Overall best: Cursor (Cursor)
Cursor’s AI-native IDE keeps piling on agentic features: Background Agents that run long tasks asynchronously, BugBot for inline code review, one-click multi-repo MCP setup, and memories for persistent project context. Because it’s a full editor (not just an extension), Cursor can orchestrate file edits, terminal commands, and git ops in the same workspace - making it the most capable end-to-end coding agent today.

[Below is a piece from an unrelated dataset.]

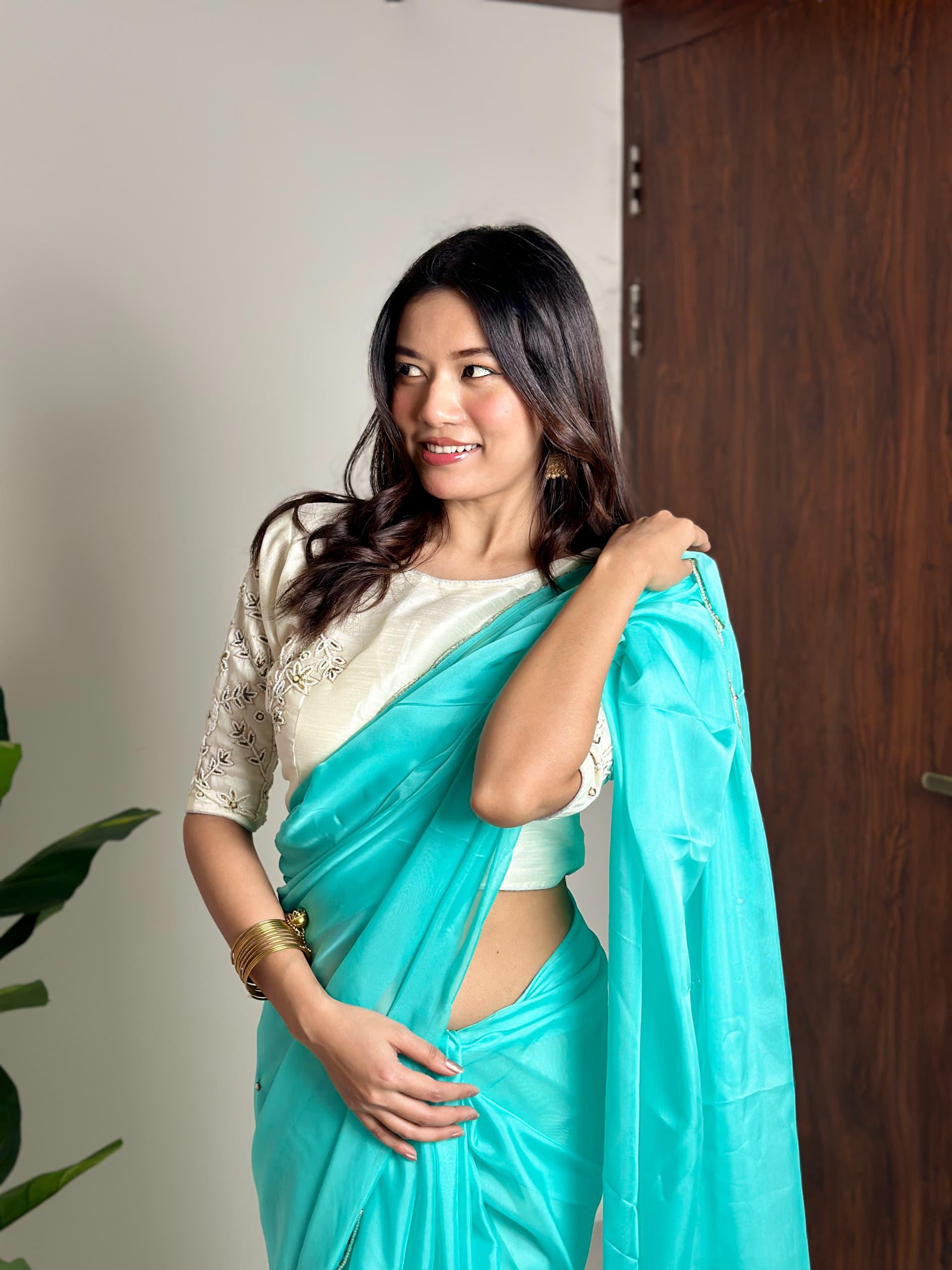 Alluring Soft Organza Saree With Stitched Handworked Blouse - Ethnicwish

Also great: Claude Code (Anthropic)
Claude Code lives entirely in your terminal. It maps your repo, autocompresses context, and runs commands for you—so you focus on goals, not files. Recent releases added local filesystem access, MCP support, automatic diffs, and a GitHub Actions integration that lets you tag @claude on PRs for autonomous fixes.
All the rest
GitHub Copilot (GitHub/Microsoft): now ships an Agent mode that can take an issue, create a branch, implement the fix, and submit a PR—plus mobile support and Pro+ tier for model choice.
Google Jules (Google): asynchronous coding agent that clones your repo in a Cloud VM, crafts a plan, shows diffs, and submits a PR—powered by Gemini 2.5 Pro.

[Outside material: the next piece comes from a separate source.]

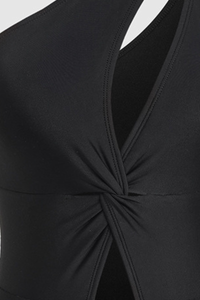 Women's One-Shoulder Cutout Twist Front Solid Color Swimsuit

Junie (JetBrains): built into every JetBrains IDE, Junie navigates project structure, runs code/tests, and edits files autonomously; free tier now bundled with IDE licenses.

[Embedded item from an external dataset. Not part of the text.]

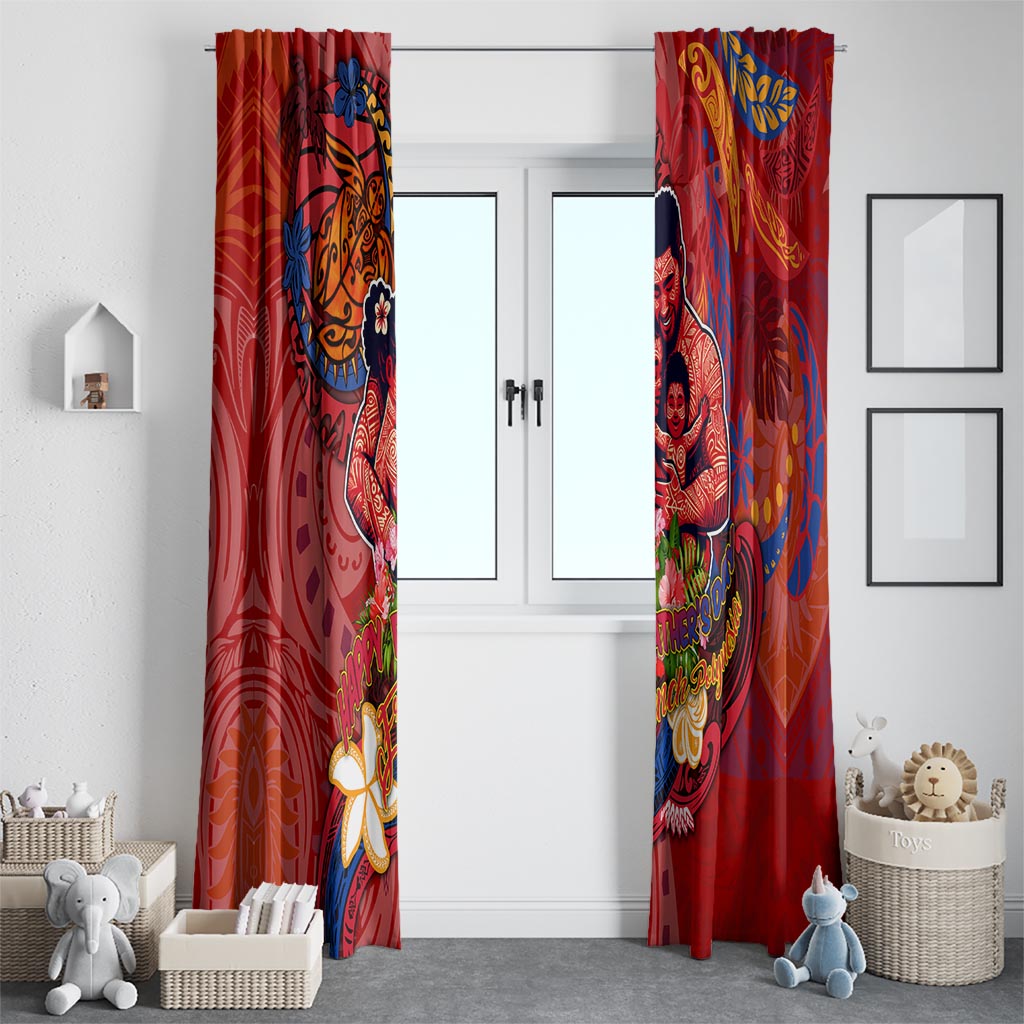 Happy Father's Day French Polynesia Window Curtain Family Turtle Hibiscus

Replit Agent (Replit): type a natural-language spec and watch it scaffold, build, and deploy full apps in the browser—or from iOS/Android. Ideal for rapid prototyping.
Windsurf (Windsurf): AI-first IDE with “Flows” that blend copilot suggestions and fully autonomous agents; praised for speed and a generous free tier (and it’s reportedly being acquired by OpenAI, though it’s not publicly confirmed just yet).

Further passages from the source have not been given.